Весь документ занимает около девяноста страниц, хотя само письмо очень кратко.
«О подделке истории Октябрьского переворота, истории революции и истории партии.
Уважаемые товарищи!
Вы прислали мне подробнейшие печатные листы анкеты о моем участии в Октябрьском перевороте и просите дать ответ… Но я позволяю себе спросить вас: какой смысл спрашивать меня по поводу моего участия в Октябрьском перевороте, когда весь официальный аппарат, в том числе и ваш, работает над тем, чтобы скрыть, уничтожить или, по крайней мере, исказить всякие следы этого участия?
Меня не раз уже спрашивали десятки и сотни товарищей, почему я молчу и молчу в ответ на совершенно вопиющие подделки истории Октябрьской революции и истории нашей партии, направленные против меня. Я совершенно не собираюсь здесь исчерпать вопрос об этих подделках: для этого пришлось бы написать несколько томов. Но позвольте в ответ на ваши анкетные запросы указать с десяток примеров того сознательного и злостного искажения вчерашнего дня, которое сейчас производится в самом широком масштабе, освящается авторитетом всяческих учреждений и даже вводится в учебники»{196}.
Сказано кратко и ясно. Вчерашний «выдающийся вождь» заботится хотя бы о том, чтобы в истории сохранилась правда об Октябре. Приведу несколько свидетельств Троцкого, касающихся октябрьских дней 1917 года. Он с горечью пишет, как некоторые большевики быстро меняют азимуты в оценке Троцкого в зависимости от политической конъюнктуры.
Вот что, пишет Троцкий, сначала утверждал о нем Ф. Раскольников:
«С огромным уважением относился Троцкий к Владимиру Ильичу. Он ставил его выше всех современников, с которыми ему приходилось встречаться в России и за границей. В том тоне, которым Троцкий говорил о Ленине, чувствовалась преданность ученика… Отзвуки былых разногласий довоенного периода совершенно изгладились. Между тактической линией Ленина и Троцкого не существовало различий.
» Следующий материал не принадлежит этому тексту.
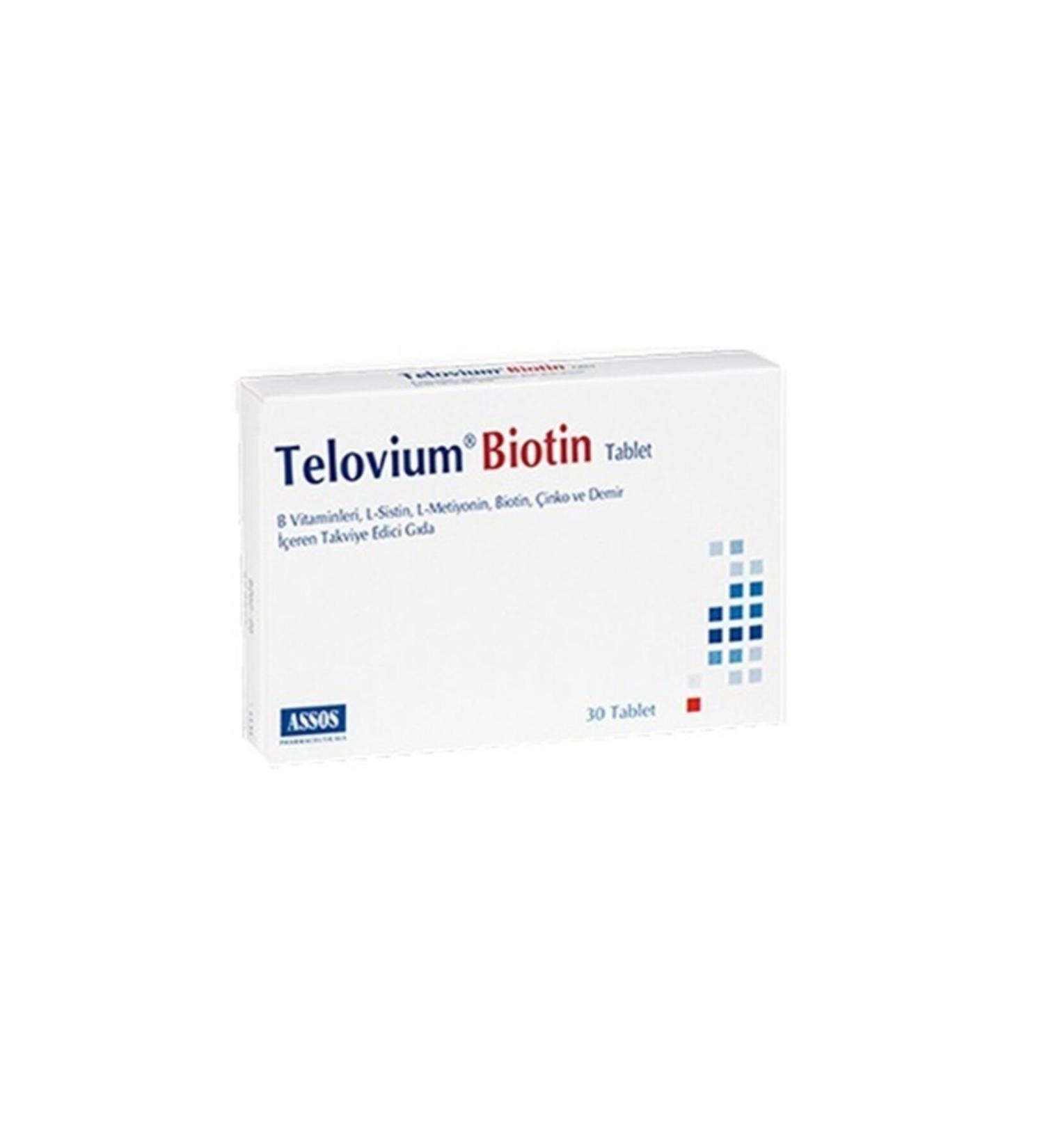 Assos Pharmaceuticals Assos Telovium Biotin 30 Tablets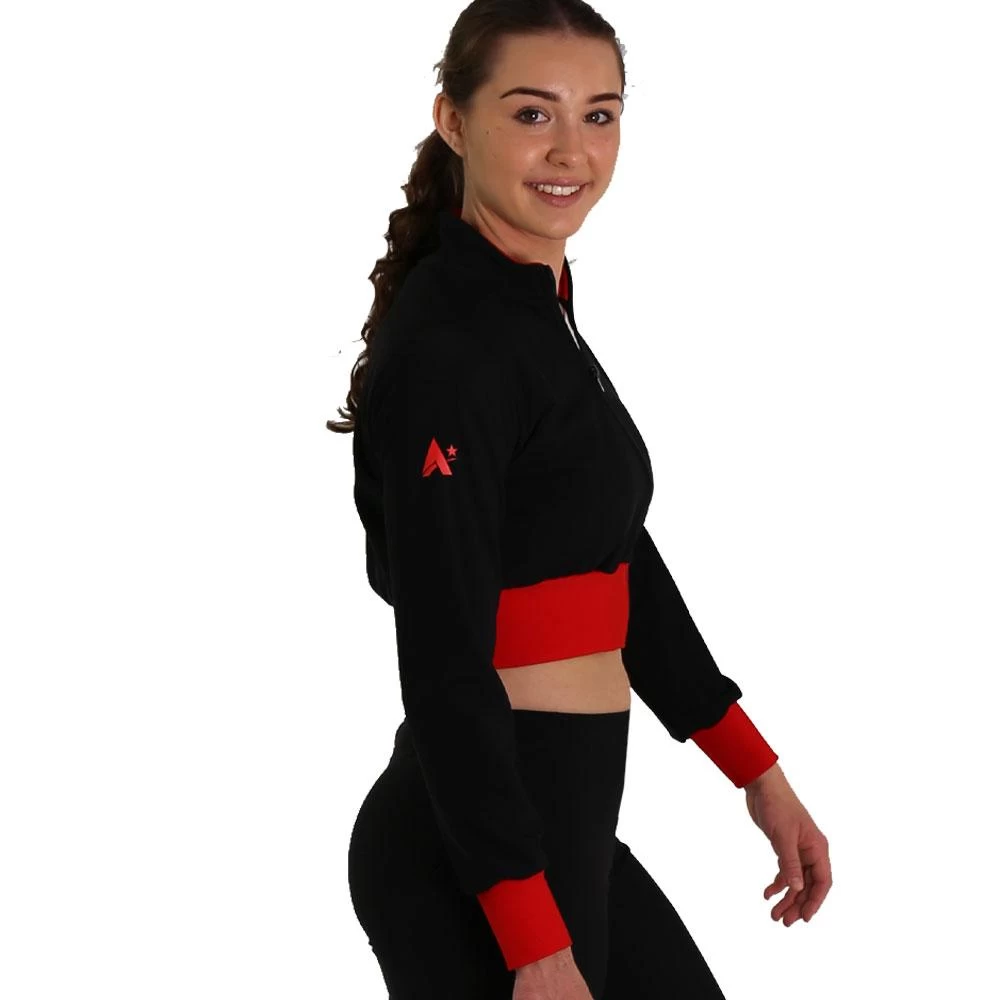 TS83C Cropped Tracksuit Jacket : With Contrast Waistband And Cuffs - Image 3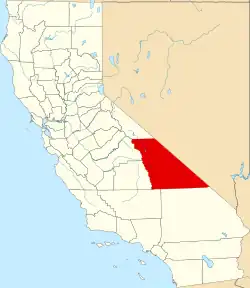 Kort over California med Inyo County markeret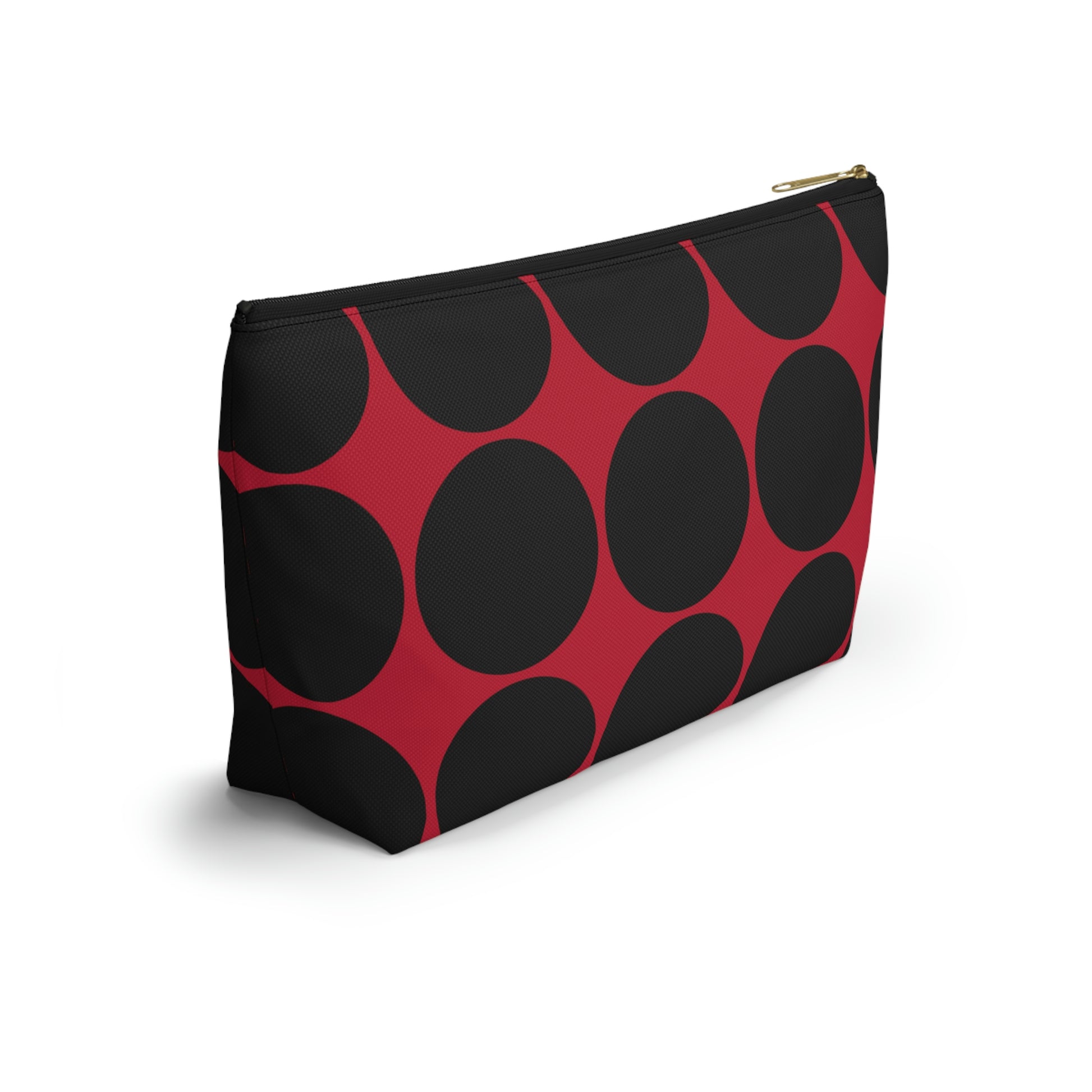 Red & Black Circle Accessory Pouch with T-bottom - BowsAndArtsDesigns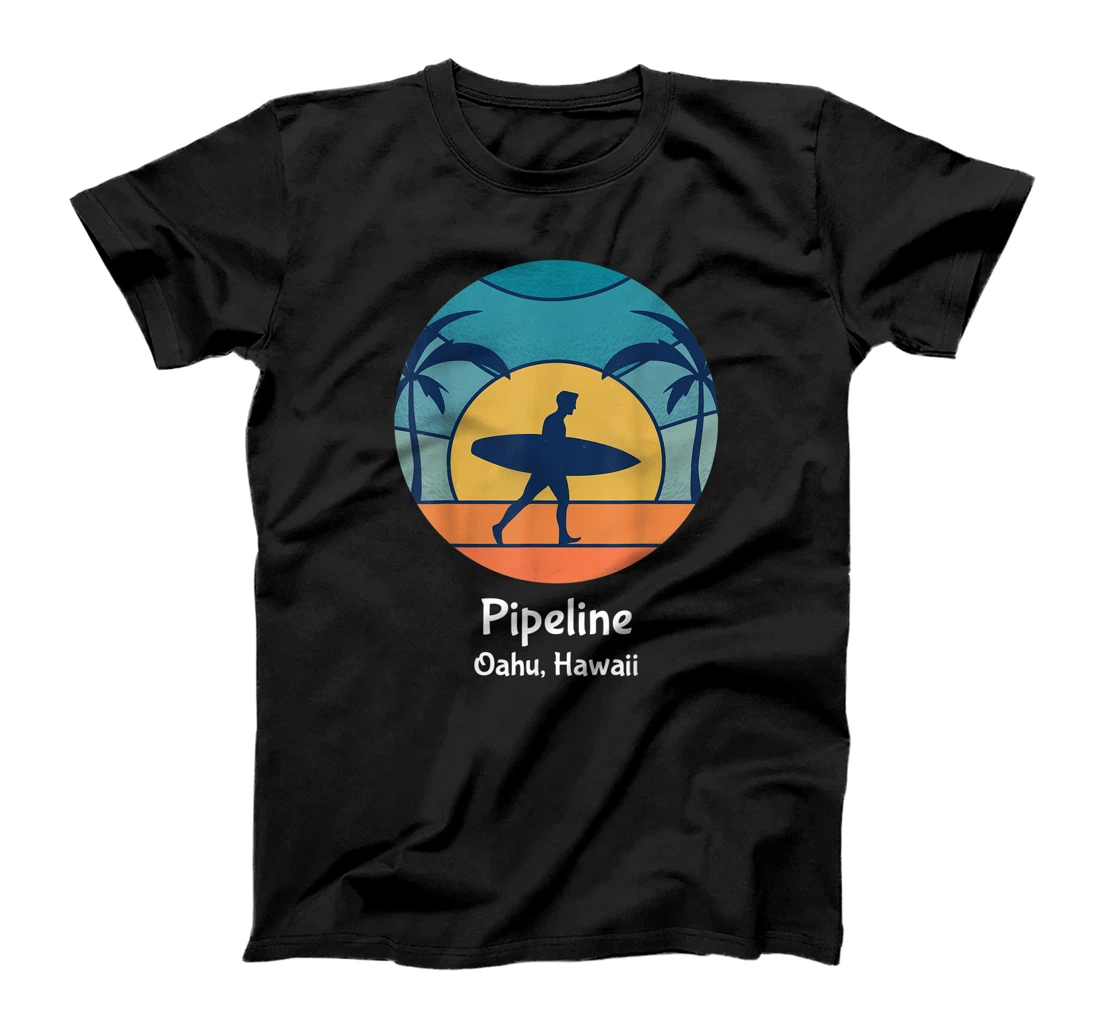 Personalized Womens Pipeline Oahu Hawaii Surfing Vintage Sunset Retro Surf Sun T-Shirt, Kid T-Shirt and Women T-Shirt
Это сближение, наметившееся уже во время войны, совершенно отчетливо определилось с момента возвращения Льва Давыдовича (так в тексте. – Д. В.) в Россию; после его первых же выступлений мы все, старые ленинцы, почувствовали, что он – наш»{197}.
«А вот что он пишет, – продолжает Троцкий, – в рецензии на третий том моих сочинений»:
«– А какова была, – спрашивает Раскольников, – в 1917 году позиция самого Троцкого? – И отвечает:
– Тов. Троцкий еще рассматривал себя как члена одной общей партии вместе с меньшевиками, Церетели и Скобелевым… Тов. Троцкий еще не выяснил своего отношения к большевизму и меньшевизму. В то время тов. Троцкий еще сам занимал колеблющуюся, неопределенную, межеумочную позицию»{198}.
Лев Давидович с присущим ему сарказмом, умело оперируя фактами, данными, цитатами, документами, убедительно демонстрирует убогость сталинских фальсификаций, которые часто ставят их авторов просто в смешное положение. Троцкий далее говорит, что нынешний Сталин решительно оспаривает высокую оценку, которую Ленин дал Председателю Петроградского Совета как организатору и руководителю Октябрьского вооруженного восстания. Но как же быть с заявлением самого Сталина, сделанным им 6 ноября 1918 года по этому поводу?